O autocarro começou a andar estrada fora, mas só havia estrada, palmeiras e corpos imóveis estendidos por ali adiante. Um homem dormia num carrinho de transportar areia das obras, outros dormiam em cima da terra e a bem dizer, ninguém podia afirmar que dormiam. Podiam estar mortos! Haveria alguma diferença?!
E o autocarro rodava, rodava, indiferente ao que aparecia: palmeiras e mais palmeiras; muita vegetação nas laterais que, no escuro, não se percebia o que era. A luz também não era famosa. Era pobre. Uma panorâmica bem diferente daquela que eu gostaria de ver e os outros também, com certeza. Mas era o que era e era a minha Índia.
Em todo o caso, depois de tantas horas de viagem sem uma refeição de jeito, o facto é que estava esgotada e aquela paisagem não ajudava em nada. Para não me dececionar, pensava que tudo havia de melhorar, até porque era apenas o início da viagem. Era preciso ter paciência.
Fechei um pouco os olhos para descansar, mas também não resultava. Estava demasiado agitada. Então, lembrei-me de um truque que costumo fazer quando tenho pesadelos: acordar para sair do pesadelo.
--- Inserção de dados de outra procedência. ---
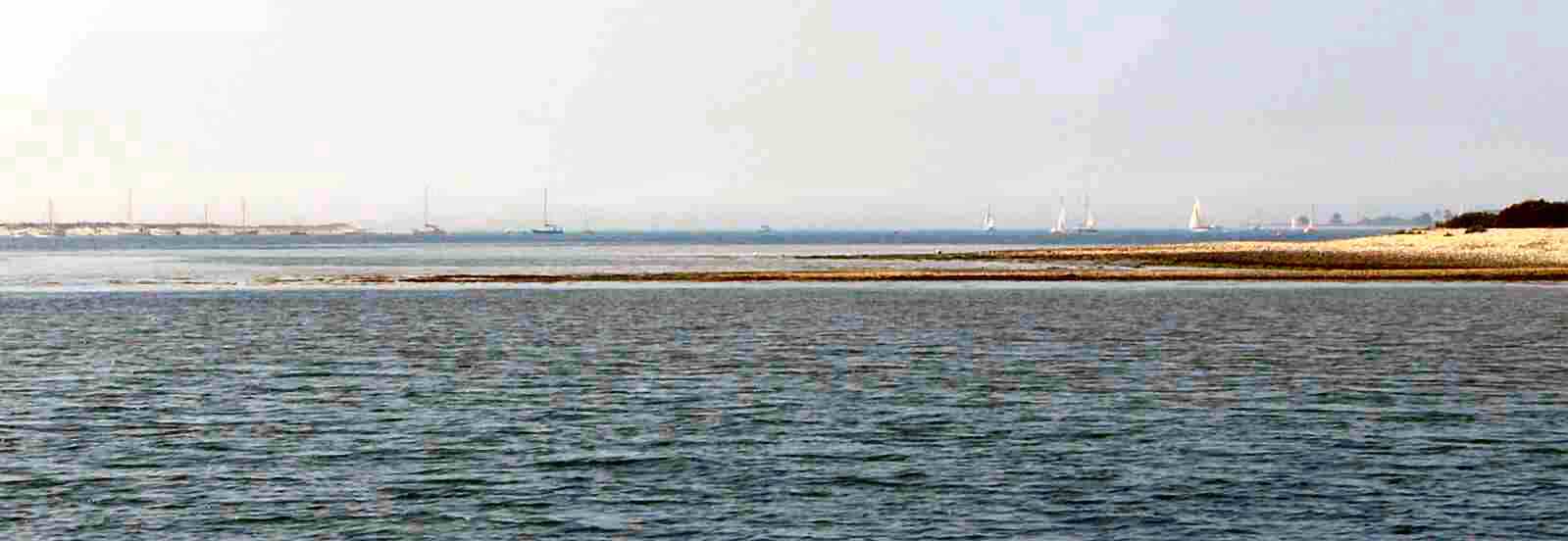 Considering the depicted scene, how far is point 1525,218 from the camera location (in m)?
180

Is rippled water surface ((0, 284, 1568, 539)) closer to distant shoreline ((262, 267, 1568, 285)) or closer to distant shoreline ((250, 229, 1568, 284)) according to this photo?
distant shoreline ((262, 267, 1568, 285))

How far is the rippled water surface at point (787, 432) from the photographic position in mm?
22719

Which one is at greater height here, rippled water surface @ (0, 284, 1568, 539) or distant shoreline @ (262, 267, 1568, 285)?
rippled water surface @ (0, 284, 1568, 539)

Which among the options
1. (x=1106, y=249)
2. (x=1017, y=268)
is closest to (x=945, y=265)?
(x=1017, y=268)

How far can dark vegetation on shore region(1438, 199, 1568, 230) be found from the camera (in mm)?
175125

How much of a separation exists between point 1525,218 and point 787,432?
167150mm

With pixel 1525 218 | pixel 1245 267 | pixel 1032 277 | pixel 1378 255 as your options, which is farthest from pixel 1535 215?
pixel 1032 277

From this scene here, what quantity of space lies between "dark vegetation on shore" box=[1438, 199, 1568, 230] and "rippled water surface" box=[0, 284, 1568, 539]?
123m

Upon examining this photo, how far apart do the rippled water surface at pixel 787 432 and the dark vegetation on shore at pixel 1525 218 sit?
123m

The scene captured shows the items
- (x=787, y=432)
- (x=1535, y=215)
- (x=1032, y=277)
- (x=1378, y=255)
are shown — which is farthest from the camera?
(x=1535, y=215)

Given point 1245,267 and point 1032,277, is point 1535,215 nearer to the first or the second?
point 1245,267

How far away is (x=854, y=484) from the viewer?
2514 centimetres

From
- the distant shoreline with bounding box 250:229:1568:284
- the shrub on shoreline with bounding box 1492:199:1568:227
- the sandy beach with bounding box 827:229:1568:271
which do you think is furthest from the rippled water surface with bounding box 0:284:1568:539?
the shrub on shoreline with bounding box 1492:199:1568:227

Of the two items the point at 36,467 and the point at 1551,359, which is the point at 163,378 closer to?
the point at 36,467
Era isso mesmo. Cogitei comigo mesma que talvez eu estivesse a sonhar e aquilo fosse um sonho mau, para não falar em pesadelo, mas olhei à minha volta e continuavam todos lá. Não tinha como. Não era um sonho e eu não estava a dormir.
Então, lembrei-me de outra coisa. Olhando de frente, via todas aquelas imagens desfilarem dentro do vidro da frente do autocarro. Parecia um plasma. Imaginei que estava em casa, na minha sala, a ver TV e que aquelas imagens eram um filme do qual eu não estava a gostar. Apenas isso. Era tão simples! O que é que eu faria? Apenas desligaria a TV e ia dormir, porque era noite. Ok - pensei -, é isso, estou a ver um filme de que não gosto. Vou desligar e deitar-me na minha rica cama, tão gostosa. Não! Também não resultava. Era mesmo verdade.
Aquilo estava tudo ali e doesse o que doesse, era para ser visto. Pelo menos eu iria dormir numa cama de um quarto de hotel. Ia ter chão, tetos e paredes. Enfim, tudo o que qualquer ser humano com o mínimo de dignidade deveria ter por direito. Eu ia em viagem, com todas as providências tomadas e tudo acautelado aos mínimos detalhes. Era uma "aventura" com eventuais riscos acautelados. Aquela gente não. Eles estavam ali e não iam a lado nenhum. Eles eram dali. Eu, como visitante, ia ter tudo. Eles, como residentes, não tinham nada, nem a sombra de uma palmeira, se fosse o caso.
O dia estava a acabar. Era só chegar ao hotel e dormir. O dia seguinte seria um novo dia. As coisas haveriam de mudar.